● **Exercise details**
Below are the records; copy exactly the stretch from the line containing "Welcome to a tutorial" through the line containing "The string says", both ends included, and nothing else.

========

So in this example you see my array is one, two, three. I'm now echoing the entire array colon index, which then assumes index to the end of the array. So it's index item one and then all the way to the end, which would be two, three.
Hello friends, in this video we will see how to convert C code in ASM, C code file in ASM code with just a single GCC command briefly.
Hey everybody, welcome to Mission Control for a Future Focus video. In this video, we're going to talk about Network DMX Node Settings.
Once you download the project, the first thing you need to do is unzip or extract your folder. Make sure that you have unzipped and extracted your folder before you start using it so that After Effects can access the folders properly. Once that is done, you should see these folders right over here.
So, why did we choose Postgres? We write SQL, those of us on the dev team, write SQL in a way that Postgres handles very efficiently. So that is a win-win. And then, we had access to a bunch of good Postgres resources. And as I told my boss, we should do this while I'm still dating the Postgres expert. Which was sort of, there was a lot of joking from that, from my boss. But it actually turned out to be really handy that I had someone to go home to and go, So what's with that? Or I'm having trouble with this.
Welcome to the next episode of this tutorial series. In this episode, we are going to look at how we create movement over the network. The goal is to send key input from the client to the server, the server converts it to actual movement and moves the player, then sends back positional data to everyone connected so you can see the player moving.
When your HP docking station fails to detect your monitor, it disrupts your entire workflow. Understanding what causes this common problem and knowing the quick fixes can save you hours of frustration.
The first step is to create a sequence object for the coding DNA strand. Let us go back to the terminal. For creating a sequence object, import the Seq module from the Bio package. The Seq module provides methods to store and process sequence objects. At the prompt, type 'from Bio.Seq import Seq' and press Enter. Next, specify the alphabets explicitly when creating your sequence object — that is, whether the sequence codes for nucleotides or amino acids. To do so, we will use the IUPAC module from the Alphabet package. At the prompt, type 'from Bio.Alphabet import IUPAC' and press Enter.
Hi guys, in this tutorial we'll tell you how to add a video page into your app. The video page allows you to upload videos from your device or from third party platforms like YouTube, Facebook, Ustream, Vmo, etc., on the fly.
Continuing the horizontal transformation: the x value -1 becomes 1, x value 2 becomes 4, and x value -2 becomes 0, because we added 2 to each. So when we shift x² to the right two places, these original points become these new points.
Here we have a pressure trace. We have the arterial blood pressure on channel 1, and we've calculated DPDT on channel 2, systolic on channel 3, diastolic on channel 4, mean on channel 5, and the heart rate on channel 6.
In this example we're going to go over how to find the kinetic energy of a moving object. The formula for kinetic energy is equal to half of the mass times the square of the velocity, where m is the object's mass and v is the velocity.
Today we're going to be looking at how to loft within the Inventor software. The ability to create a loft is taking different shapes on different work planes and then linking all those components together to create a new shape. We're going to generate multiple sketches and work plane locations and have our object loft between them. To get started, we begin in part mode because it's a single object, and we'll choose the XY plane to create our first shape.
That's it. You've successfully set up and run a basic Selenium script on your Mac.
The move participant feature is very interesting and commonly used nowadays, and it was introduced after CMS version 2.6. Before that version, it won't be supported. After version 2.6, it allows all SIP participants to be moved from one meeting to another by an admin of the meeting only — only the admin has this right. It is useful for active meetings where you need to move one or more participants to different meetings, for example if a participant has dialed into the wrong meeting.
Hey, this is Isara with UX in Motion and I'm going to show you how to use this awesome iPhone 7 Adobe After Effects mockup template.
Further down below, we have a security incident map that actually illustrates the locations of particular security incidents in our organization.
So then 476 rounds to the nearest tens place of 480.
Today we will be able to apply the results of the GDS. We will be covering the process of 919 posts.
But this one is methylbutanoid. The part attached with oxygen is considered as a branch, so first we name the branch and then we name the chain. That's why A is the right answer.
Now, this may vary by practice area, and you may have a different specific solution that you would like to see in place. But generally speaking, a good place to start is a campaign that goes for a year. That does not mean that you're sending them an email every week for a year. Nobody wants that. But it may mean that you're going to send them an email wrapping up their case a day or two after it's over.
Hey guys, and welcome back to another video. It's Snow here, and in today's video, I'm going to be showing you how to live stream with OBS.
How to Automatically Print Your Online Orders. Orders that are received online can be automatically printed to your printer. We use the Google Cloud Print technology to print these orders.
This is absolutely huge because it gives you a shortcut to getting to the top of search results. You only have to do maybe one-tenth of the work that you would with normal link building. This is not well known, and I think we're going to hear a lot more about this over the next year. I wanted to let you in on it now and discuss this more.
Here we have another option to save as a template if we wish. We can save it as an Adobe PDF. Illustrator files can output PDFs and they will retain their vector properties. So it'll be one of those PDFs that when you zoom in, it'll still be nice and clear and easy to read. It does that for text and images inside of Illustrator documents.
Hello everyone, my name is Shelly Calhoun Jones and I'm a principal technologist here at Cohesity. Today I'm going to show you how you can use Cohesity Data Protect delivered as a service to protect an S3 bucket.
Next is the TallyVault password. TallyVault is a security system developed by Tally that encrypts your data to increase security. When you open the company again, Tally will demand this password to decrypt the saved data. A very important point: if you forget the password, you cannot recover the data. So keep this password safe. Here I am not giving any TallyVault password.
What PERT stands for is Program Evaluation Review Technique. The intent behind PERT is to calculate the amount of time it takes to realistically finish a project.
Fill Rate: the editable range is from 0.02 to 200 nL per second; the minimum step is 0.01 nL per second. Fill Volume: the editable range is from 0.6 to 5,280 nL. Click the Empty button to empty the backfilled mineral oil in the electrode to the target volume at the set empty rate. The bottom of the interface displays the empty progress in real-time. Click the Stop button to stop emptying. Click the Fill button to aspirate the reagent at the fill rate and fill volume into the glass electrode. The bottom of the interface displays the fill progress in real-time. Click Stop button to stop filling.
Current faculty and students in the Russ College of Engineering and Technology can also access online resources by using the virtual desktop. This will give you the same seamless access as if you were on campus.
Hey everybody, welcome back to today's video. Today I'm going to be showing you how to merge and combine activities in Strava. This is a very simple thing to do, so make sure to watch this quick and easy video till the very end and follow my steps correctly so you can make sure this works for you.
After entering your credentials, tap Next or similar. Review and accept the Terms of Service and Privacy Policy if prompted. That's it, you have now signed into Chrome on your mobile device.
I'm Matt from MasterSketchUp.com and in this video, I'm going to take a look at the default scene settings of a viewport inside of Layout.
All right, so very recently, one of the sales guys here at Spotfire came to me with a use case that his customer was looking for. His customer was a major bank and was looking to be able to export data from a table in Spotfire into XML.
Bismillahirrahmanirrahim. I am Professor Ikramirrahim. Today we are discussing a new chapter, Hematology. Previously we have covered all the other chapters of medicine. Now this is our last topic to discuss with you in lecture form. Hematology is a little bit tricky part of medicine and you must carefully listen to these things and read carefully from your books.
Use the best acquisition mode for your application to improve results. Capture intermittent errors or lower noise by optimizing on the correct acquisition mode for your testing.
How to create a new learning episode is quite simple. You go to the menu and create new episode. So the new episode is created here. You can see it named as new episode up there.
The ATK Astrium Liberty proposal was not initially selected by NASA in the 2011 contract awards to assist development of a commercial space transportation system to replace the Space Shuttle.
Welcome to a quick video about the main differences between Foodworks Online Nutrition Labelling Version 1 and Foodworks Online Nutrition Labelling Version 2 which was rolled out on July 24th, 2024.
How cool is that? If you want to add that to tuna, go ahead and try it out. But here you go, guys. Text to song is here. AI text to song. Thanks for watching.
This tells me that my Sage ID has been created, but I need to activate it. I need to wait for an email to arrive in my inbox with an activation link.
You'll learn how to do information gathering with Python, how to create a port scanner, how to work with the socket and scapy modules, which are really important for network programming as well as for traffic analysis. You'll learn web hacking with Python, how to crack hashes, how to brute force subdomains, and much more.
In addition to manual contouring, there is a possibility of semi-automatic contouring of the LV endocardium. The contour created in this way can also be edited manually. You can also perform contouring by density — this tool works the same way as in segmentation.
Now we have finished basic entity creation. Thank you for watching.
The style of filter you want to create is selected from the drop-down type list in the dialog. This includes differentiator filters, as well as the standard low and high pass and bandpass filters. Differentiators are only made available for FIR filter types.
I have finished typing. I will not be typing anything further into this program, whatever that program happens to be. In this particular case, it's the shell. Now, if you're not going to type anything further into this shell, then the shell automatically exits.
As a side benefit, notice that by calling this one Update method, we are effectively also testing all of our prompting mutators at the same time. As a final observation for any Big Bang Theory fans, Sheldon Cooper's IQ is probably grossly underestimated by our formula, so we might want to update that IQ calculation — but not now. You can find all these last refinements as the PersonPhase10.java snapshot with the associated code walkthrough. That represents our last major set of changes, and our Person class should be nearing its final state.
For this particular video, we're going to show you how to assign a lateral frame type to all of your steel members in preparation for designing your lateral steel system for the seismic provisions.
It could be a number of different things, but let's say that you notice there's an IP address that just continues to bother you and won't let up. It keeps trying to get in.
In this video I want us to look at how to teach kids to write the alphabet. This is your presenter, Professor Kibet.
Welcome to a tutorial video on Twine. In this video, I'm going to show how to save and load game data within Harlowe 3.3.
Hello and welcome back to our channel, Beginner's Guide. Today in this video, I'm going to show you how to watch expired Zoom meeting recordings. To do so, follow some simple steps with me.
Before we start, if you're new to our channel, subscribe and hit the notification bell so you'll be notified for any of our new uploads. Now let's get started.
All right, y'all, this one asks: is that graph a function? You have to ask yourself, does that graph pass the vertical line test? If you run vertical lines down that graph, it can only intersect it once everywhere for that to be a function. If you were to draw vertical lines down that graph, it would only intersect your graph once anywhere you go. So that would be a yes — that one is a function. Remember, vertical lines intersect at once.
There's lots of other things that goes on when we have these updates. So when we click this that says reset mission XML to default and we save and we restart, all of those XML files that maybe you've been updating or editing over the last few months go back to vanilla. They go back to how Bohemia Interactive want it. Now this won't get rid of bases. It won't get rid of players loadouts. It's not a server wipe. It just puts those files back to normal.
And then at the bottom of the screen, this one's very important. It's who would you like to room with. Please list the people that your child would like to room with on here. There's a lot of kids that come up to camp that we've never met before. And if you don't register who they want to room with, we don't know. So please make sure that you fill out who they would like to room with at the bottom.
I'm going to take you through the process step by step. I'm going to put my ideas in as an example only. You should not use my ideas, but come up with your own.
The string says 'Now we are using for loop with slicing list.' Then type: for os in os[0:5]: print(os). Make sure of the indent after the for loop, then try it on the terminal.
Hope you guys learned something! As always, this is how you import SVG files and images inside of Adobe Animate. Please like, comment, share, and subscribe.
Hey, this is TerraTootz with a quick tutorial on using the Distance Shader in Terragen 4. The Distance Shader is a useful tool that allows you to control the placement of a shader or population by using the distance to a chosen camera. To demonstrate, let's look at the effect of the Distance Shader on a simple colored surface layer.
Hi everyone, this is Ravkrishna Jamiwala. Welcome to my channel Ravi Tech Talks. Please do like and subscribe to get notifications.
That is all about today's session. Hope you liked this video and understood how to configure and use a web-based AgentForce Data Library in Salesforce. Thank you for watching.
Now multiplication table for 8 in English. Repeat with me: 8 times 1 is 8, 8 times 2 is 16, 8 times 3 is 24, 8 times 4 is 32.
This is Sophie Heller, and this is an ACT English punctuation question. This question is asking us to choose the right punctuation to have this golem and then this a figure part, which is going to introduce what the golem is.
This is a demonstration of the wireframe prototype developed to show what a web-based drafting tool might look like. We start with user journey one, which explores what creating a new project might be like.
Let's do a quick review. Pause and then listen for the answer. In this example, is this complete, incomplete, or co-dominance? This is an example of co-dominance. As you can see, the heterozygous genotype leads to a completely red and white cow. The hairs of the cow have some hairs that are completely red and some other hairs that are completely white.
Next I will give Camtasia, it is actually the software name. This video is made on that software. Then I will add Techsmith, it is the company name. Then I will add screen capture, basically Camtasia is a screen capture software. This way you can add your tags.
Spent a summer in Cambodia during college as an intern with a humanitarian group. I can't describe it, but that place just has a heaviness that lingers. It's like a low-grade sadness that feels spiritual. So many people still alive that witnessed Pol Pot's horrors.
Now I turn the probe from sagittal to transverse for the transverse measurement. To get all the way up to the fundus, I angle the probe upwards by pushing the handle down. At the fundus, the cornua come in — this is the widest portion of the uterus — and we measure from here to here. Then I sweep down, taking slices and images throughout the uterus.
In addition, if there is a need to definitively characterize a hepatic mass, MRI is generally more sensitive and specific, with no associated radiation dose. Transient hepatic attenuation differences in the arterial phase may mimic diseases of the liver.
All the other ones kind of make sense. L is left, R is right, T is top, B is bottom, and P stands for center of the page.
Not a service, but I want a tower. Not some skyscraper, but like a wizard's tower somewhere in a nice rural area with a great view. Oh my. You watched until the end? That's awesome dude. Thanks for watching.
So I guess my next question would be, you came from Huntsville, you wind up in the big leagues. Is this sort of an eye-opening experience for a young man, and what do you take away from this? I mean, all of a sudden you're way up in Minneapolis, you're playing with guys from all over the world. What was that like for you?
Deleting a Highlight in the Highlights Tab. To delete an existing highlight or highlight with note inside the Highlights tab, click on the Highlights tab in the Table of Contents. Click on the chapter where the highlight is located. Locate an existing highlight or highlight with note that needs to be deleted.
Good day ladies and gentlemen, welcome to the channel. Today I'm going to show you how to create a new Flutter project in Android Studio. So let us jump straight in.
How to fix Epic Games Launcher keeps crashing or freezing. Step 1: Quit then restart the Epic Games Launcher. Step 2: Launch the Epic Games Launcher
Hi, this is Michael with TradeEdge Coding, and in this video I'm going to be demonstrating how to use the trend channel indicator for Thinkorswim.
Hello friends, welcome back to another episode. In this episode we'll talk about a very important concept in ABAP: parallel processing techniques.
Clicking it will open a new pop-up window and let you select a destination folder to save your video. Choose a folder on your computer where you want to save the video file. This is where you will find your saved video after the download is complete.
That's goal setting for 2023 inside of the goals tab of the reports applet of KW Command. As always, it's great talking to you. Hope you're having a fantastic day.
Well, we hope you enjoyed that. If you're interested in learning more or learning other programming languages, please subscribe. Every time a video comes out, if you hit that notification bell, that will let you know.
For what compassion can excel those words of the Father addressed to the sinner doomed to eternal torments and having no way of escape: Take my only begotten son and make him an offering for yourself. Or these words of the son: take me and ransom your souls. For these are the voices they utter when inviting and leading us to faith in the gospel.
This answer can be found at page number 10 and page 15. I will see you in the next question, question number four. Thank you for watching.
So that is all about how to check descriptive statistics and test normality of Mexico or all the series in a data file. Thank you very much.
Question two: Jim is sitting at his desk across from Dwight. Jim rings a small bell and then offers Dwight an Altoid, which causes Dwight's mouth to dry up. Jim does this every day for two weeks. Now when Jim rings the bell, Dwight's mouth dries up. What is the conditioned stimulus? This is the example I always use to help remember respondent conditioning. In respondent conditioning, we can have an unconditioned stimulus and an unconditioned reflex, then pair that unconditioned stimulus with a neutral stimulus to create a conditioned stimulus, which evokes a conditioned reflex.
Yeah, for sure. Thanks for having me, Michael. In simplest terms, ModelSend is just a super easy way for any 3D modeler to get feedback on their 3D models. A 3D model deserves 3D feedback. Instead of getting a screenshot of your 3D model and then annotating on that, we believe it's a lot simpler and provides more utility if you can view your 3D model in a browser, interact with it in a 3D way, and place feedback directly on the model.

========

● **Written response**
Welcome to a tutorial video on Twine. In this video, I'm going to show how to save and load game data within Harlowe 3.3.
Hello and welcome back to our channel, Beginner's Guide. Today in this video, I'm going to show you how to watch expired Zoom meeting recordings. To do so, follow some simple steps with me.
Before we start, if you're new to our channel, subscribe and hit the notification bell so you'll be notified for any of our new uploads. Now let's get started.
All right, y'all, this one asks: is that graph a function? You have to ask yourself, does that graph pass the vertical line test? If you run vertical lines down that graph, it can only intersect it once everywhere for that to be a function. If you were to draw vertical lines down that graph, it would only intersect your graph once anywhere you go. So that would be a yes — that one is a function. Remember, vertical lines intersect at once.
There's lots of other things that goes on when we have these updates. So when we click this that says reset mission XML to default and we save and we restart, all of those XML files that maybe you've been updating or editing over the last few months go back to vanilla. They go back to how Bohemia Interactive want it. Now this won't get rid of bases. It won't get rid of players loadouts. It's not a server wipe. It just puts those files back to normal.
And then at the bottom of the screen, this one's very important. It's who would you like to room with. Please list the people that your child would like to room with on here. There's a lot of kids that come up to camp that we've never met before. And if you don't register who they want to room with, we don't know. So please make sure that you fill out who they would like to room with at the bottom.
I'm going to take you through the process step by step. I'm going to put my ideas in as an example only. You should not use my ideas, but come up with your own.
The string says 'Now we are using for loop with slicing list.' Then type: for os in os[0:5]: print(os). Make sure of the indent after the for loop, then try it on the terminal.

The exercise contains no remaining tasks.